**EXERCISE BRIEF**
Restate verbatim the span of lines below between the line with "Дневной сон КАФЕйной кошки :: Сергей Карачин" and the line with "Dracaena with long", including those two lines, and only that span.

**DATASET EXCERPTS**
**********

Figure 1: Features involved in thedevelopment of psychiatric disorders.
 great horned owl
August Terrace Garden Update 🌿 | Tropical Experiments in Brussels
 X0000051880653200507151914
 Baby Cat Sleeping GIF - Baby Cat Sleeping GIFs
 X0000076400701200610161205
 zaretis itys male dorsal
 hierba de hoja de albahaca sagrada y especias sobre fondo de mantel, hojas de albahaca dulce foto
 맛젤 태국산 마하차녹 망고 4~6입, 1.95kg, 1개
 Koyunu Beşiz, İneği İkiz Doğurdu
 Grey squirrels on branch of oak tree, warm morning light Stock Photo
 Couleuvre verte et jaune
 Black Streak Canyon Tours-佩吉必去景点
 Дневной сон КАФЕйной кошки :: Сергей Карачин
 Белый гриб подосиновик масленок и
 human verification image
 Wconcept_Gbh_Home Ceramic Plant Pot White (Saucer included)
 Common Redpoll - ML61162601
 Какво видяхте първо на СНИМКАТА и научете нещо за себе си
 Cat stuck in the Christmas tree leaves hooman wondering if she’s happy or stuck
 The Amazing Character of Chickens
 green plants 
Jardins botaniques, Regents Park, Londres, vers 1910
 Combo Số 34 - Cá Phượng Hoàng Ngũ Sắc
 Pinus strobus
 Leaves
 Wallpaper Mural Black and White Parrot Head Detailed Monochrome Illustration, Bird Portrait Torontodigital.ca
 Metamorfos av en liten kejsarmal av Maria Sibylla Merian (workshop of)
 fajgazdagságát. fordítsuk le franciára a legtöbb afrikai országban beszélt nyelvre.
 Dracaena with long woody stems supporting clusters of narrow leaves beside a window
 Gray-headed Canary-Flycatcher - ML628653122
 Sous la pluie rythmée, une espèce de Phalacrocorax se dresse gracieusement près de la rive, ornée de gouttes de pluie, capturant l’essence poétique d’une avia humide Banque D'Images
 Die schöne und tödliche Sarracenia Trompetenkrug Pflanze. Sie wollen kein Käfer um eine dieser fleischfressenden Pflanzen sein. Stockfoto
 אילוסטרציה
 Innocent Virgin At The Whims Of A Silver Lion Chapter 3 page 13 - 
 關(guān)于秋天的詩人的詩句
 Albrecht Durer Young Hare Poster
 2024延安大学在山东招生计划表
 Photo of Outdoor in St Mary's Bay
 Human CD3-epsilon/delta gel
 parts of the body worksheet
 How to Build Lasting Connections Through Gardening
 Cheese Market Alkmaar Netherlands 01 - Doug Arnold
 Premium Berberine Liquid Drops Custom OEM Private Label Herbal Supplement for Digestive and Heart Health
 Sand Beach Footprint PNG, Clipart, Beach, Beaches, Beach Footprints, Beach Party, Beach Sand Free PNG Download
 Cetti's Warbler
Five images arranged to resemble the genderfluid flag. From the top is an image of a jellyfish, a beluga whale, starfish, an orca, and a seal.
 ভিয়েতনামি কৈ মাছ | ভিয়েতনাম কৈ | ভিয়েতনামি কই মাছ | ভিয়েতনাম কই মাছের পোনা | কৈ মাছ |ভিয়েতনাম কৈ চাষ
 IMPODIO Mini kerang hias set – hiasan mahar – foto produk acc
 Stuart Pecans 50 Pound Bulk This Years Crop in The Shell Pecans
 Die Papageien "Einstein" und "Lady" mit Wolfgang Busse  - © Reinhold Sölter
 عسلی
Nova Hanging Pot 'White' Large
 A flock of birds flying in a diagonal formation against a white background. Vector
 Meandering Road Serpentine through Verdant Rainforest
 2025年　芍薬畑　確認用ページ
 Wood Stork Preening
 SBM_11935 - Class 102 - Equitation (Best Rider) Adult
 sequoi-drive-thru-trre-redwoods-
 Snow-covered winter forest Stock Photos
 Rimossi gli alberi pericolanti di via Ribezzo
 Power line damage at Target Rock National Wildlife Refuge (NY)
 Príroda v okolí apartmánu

**********

**WRITTEN RESPONSE**
 Дневной сон КАФЕйной кошки :: Сергей Карачин
 Белый гриб подосиновик масленок и
 human verification image
 Wconcept_Gbh_Home Ceramic Plant Pot White (Saucer included)
 Common Redpoll - ML61162601
 Какво видяхте първо на СНИМКАТА и научете нещо за себе си
 Cat stuck in the Christmas tree leaves hooman wondering if she’s happy or stuck
 The Amazing Character of Chickens
 green plants 
Jardins botaniques, Regents Park, Londres, vers 1910
 Combo Số 34 - Cá Phượng Hoàng Ngũ Sắc
 Pinus strobus
 Leaves
 Wallpaper Mural Black and White Parrot Head Detailed Monochrome Illustration, Bird Portrait Torontodigital.ca
 Metamorfos av en liten kejsarmal av Maria Sibylla Merian (workshop of)
 fajgazdagságát. fordítsuk le franciára a legtöbb afrikai országban beszélt nyelvre.
 Dracaena with long woody stems supporting clusters of narrow leaves beside a window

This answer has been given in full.